Give them the freedom to think

April 19, 2002

UK humanities degrees fail to prepare students for an academic career, complains Ralph Strehle

It would be premature to claim that research in the humanities is under threat. But the picture is not a rosy one.

One reason is that undergraduate and postgraduate studies are out of tune. The former is based on acquiring managerial and representational skills, the latter on sustained and complex thought. Of course, the two could inform each other in useful ways, but at the moment they don't. The disjunctive relationship has serious repercussions for the international competitiveness of humanities research in Britain - a fear that has recently been addressed in the Arts and Humanities Research Board's review of its postgraduate programme.

It has become standard practice to conclude a PhD in most humanities-based subjects within three years. This is enforced by individual college regulations as well as funding bodies such as the AHRB, which withdraws its financial support after that period. In the specific field of contemporary literary theory, often informed by the complex and difficult relationship between French and German philosophy, this stipulation requires a research student to possess a considerable fund of analytical skills and in-depth knowledge before embarking on a PhD project. Ergo : a degree of expertise in a pre-selected research field; knowledge of foreign languages; and conversancy in different types of thought are to be acquired during one's undergraduate years. But it is here where the emphasis has moved from providing a necessary tool-kit for academic thought to furnishing students with the representational and managerial skills needed outside academia.

Of course, I do not disapprove of the use of modern technology in classrooms and the idea that universities should cater for purposes other than their own. PowerPoint presentations, web-research and time-management have become necessary constituents of undergraduate education, and rightly so. But when such "innovations" have an adverse effect on the ability for rigorous intellectual thought and if there is no time to acquire such a mode of thinking during one's MA or PhD, then trouble looms large.

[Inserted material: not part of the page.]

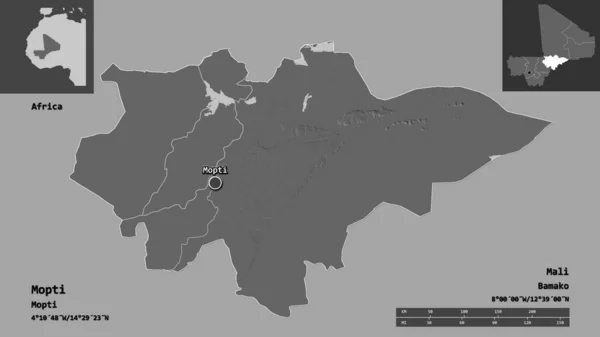 马里莫普提的形状及其首都 距离刻度 预览和标签 Bilevel高程图 3D渲染 — 图库照片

Take an example from the field of gender studies: undergraduate students talk with ease about how heterosexuality can be defined only via its differentiation from homosexuality. From this, they say, it follows that homosexuality can no longer be regarded as degenerative and secondary but lies at the heart of the constitution of heterosexuality. Most of them, however, will not be able to identify the argument the way it is expressed in theoretical texts - as the logic of "derivative inversions".

The lack of understanding here cannot be attributed solely to laziness and indifference. What is equally important is the design of undergraduate courses. These are aimed at providing a general overview, improving the ability to cope with deadlines and to mould a limited amount of information into a semi-coherent argument within the scope of a 2,500-word essay. In short - time-management. In Germany, some first-year students read one book, give a presentation and do a 10,000-word essay. One year, one book. The German system may have its faults but in the UK undergraduate degrees in the humanities prepare for all kinds of professional careers but academic ones.

If, consequently, a PhD is indeed to extend the boundaries of knowledge, and if the current undergraduate degree structure is to remain in place, postgraduate students must at least be given the necessary time to develop the skills needed to succeed in an increasingly competitive and international academic environment. In the light of the recent AHRB review, which considers "the improvement in rates (three years) at which students submit" theses as a sign of quality rather than the number of theses that actually make it to the publisher's and which, above all, promotes the creation of "links with employer representatives" in order to cater for their non-academic needs, there seems little room for optimism.

Ralph Strehle is a teaching assistant in the department of English and German at Royal Holloway, University of London.